### Problem
Repeat only the lines below that run from the line with "Солодка корінь фіточай, 50 гр" to the line with "Capa do jornal Diário Gaúcho 12/08/2017", ends included; skip every picture.

### Extracted entries
^^^^^^^^

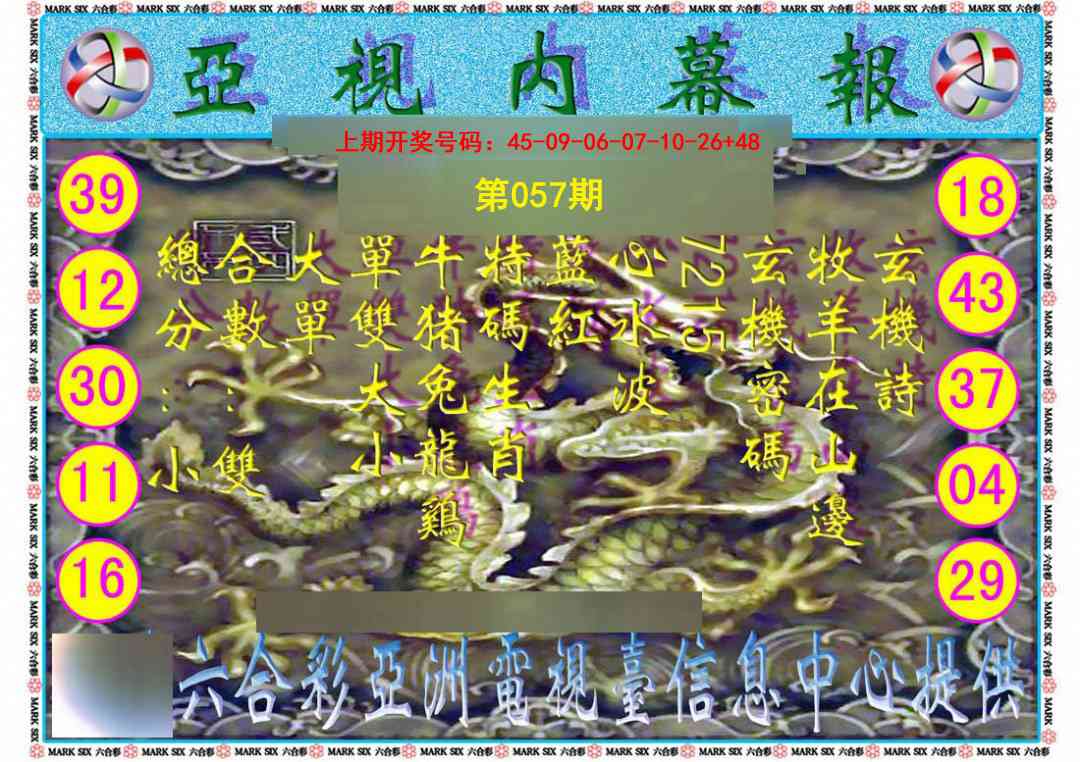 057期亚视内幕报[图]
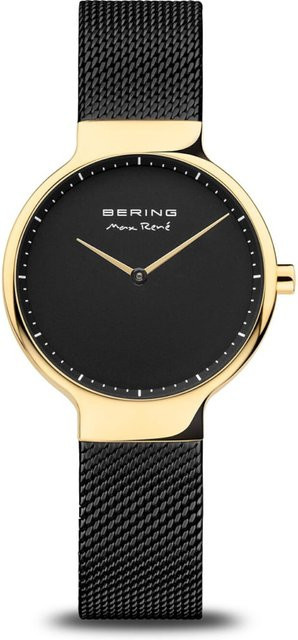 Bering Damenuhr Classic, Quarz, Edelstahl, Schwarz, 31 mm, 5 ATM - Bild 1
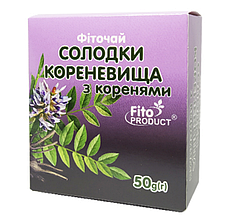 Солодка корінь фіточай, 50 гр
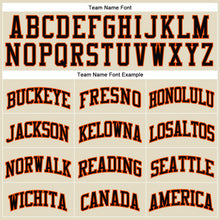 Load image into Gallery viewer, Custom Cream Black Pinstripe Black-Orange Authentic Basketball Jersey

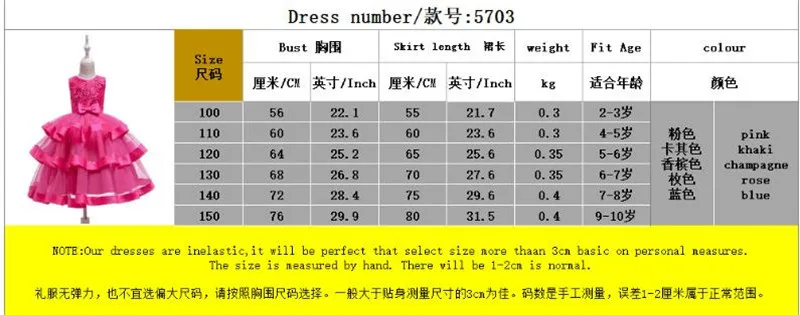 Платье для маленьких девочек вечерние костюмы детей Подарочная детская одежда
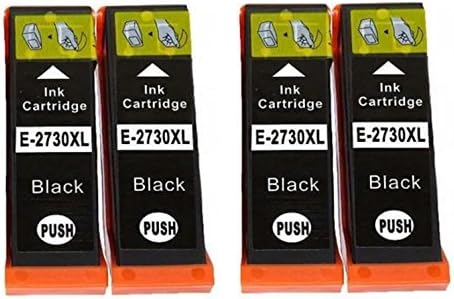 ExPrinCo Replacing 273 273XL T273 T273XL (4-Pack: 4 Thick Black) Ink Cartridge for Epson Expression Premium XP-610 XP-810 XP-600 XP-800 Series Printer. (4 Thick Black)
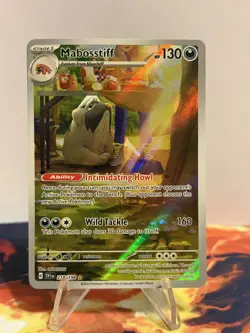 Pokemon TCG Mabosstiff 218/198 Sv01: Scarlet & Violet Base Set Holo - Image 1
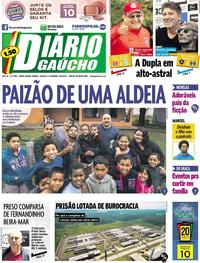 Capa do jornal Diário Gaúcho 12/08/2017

^^^^^^^^

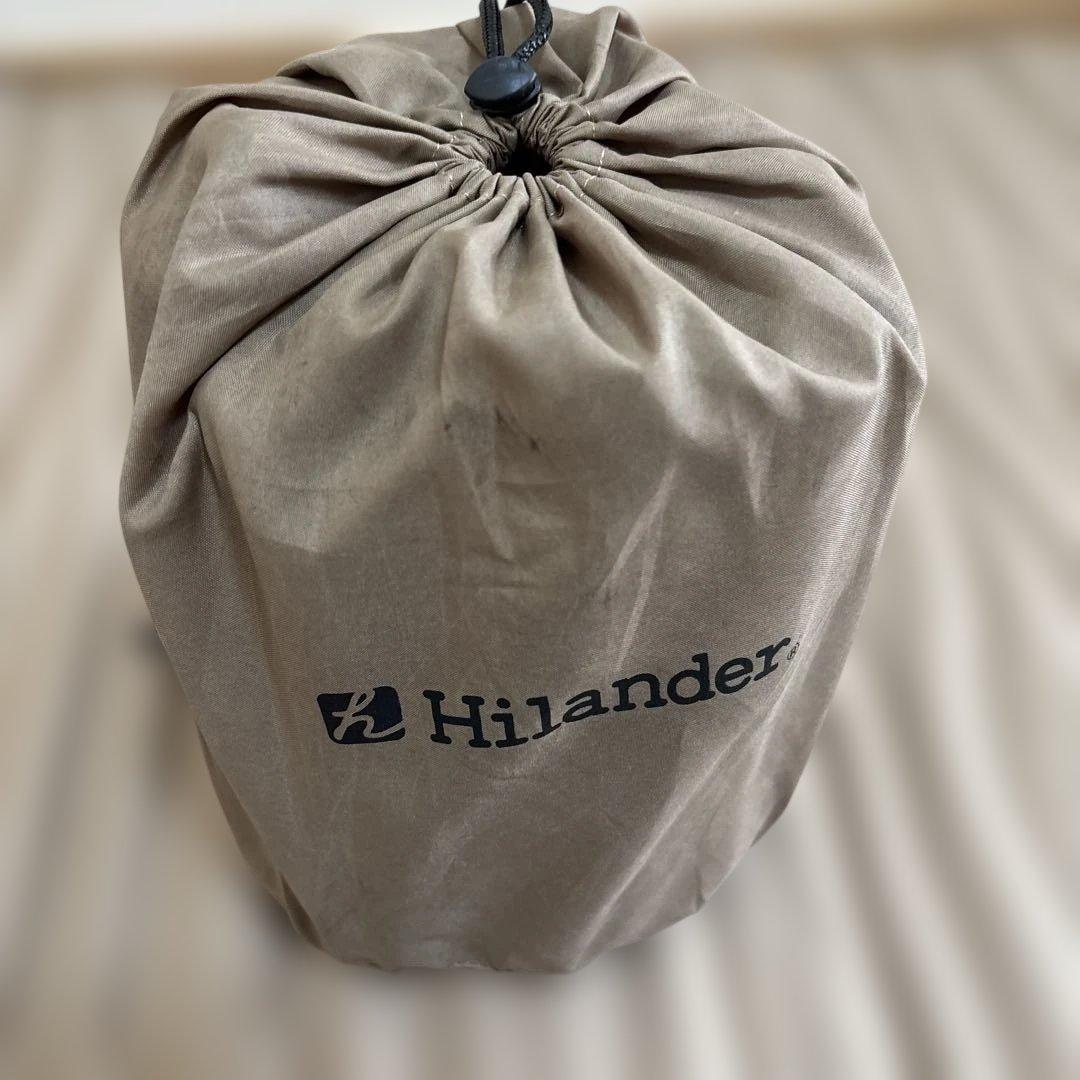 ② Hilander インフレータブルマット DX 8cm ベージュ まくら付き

^^^^^^^^

### The completed task
 Солодка корінь фіточай, 50 гр
 Load image into Gallery viewer, Custom Cream Black Pinstripe Black-Orange Authentic Basketball Jersey

 Платье для маленьких девочек вечерние костюмы детей Подарочная детская одежда
 ExPrinCo Replacing 273 273XL T273 T273XL (4-Pack: 4 Thick Black) Ink Cartridge for Epson Expression Premium XP-610 XP-810 XP-600 XP-800 Series Printer. (4 Thick Black)
 Pokemon TCG Mabosstiff 218/198 Sv01: Scarlet & Violet Base Set Holo - Image 1
 Capa do jornal Diário Gaúcho 12/08/2017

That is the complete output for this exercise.